There are various things you could try to help with the performance:
- Clustering the data
- Partitioning the data
- Setting the 'sdo_non_leaf_tbl=TRUE' parameter when creating the spatial index and then pinning the MDNT_...$ table to the keep pool
You haven't really provided very much information in your posting so I'll wait until you respond before saying anything else.
Server version is 188.8.131.52.0
My table contains the cadastral mapping of a big piece of territory, so in my table there are simple polygons
The time of first execution lasts about 2 minutes and the subsequent ones are of 12 seconds
It's a problem since I'm working on a GIS software and every zoom I do, I have to compute how many geometries that are in my window. If there are too many geometries then I don't want to draw them all, because it takes too much time. But 12 seconds for computing how many geometries that are in my window takes too much too.
Actually, every zoom takes different time: it takes like 0s-2s-12s-40s and so on (I ran the query not in my program only, but in sql plus also)

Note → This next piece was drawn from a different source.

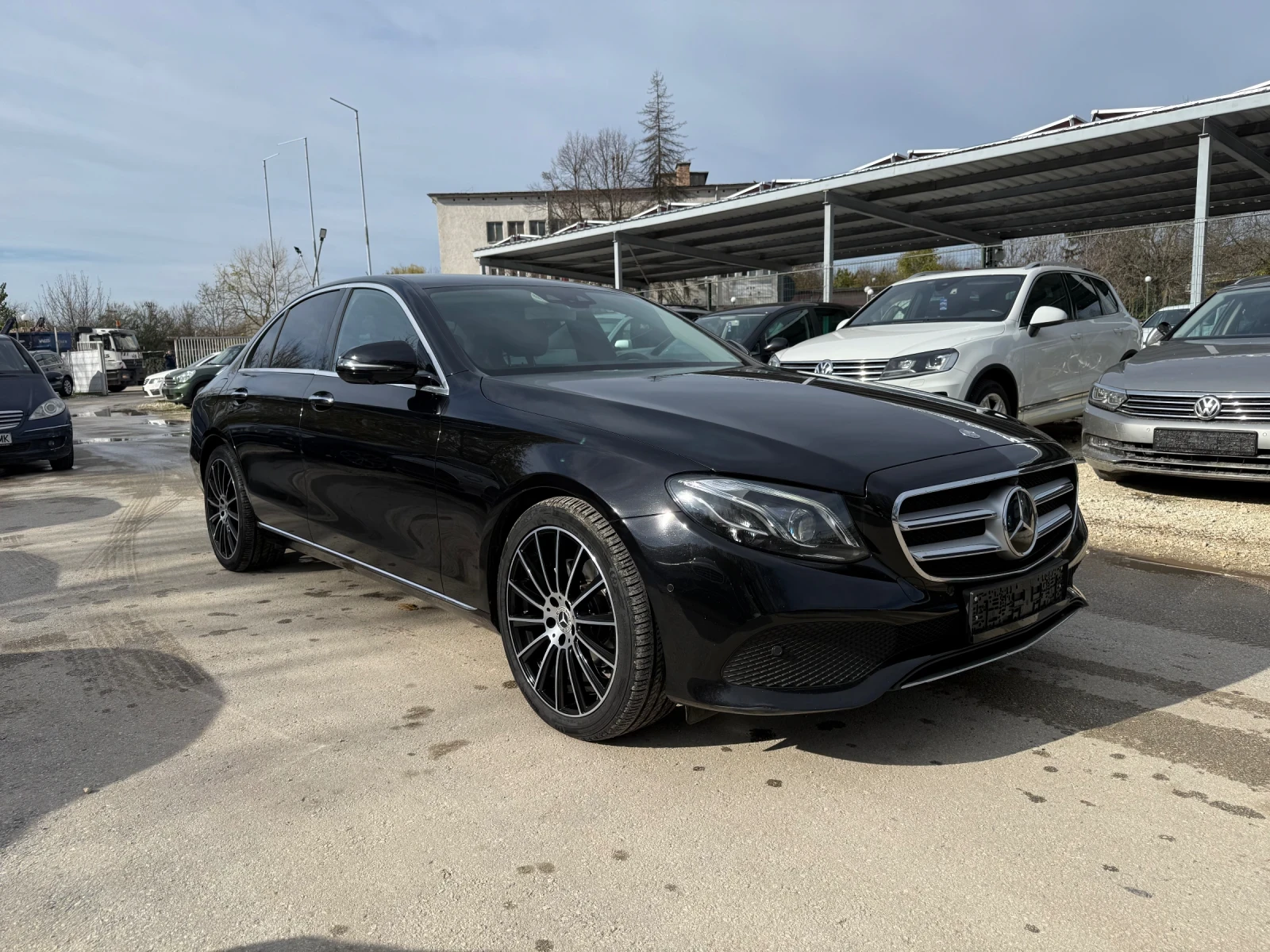 Mercedes-Benz E 220 AMG - HEAD UP - 360 -  | Mobile.bg   2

My SRID is in the query: 82087, and it's the same in all my geometries, in the user_sdo_geom_metadata and in the spatial index
I don't really need to use SDO_FILTER, but I think it's the faster way for my purpose
Edited by: user8773604 on 5-feb-2013 0.42
On my 184.108.40.206 database, I ran some SDO_FILTER count(*) queries against a non-partitioned cadastral table I have with 33 million polygons. I used a window that returned about 1 million rows and it consistently returns in under 2.5 seconds once the data is in the buffer cache. Smaller windows with ~100,000 rows return sub second. I think that is pretty reasonable since the table isn't partitioned or clustered.
So first of all I'd suggest that you try to patch up to the latest patchset - currently 220.127.116.11 as there are often performance improvements in the releases as bugs are fixed.
Then ensure your buffer cache is sized appropriately and that the database is running on sensible hardware.
If you're still getting slow response times then I would look at clustering and partitioning the data.
I don't really need to use SDO_FILTER, but I think it's the faster way for my purposeFor the use case you've described, SDO_FILTER is appropriate.
Q: You say that you are trying to count how many geometries there are - and if there are too many you don't want to draw them at all?
IMHO that's a really odd, inconsistent (and inefficient) way to handle too much data.
Normally you limit the scale to which you will allow the layer to be refreshed on the client side for the entire area (you zoom out too far and it just turns off) - OR - you put a limiter in the view / package (e.g. WHERE ROWNUM < 1001) to only return "up to" N number of rows of data to keep stupid users from hammering your database.
You could also use greeking to make a second copy of the layer with simplified details if you really want to see detailed polygons (something is there) - but of course do not need the resolution. With a pipelined function you could decide which data to use based on the input coordinate range and return it like a single layer.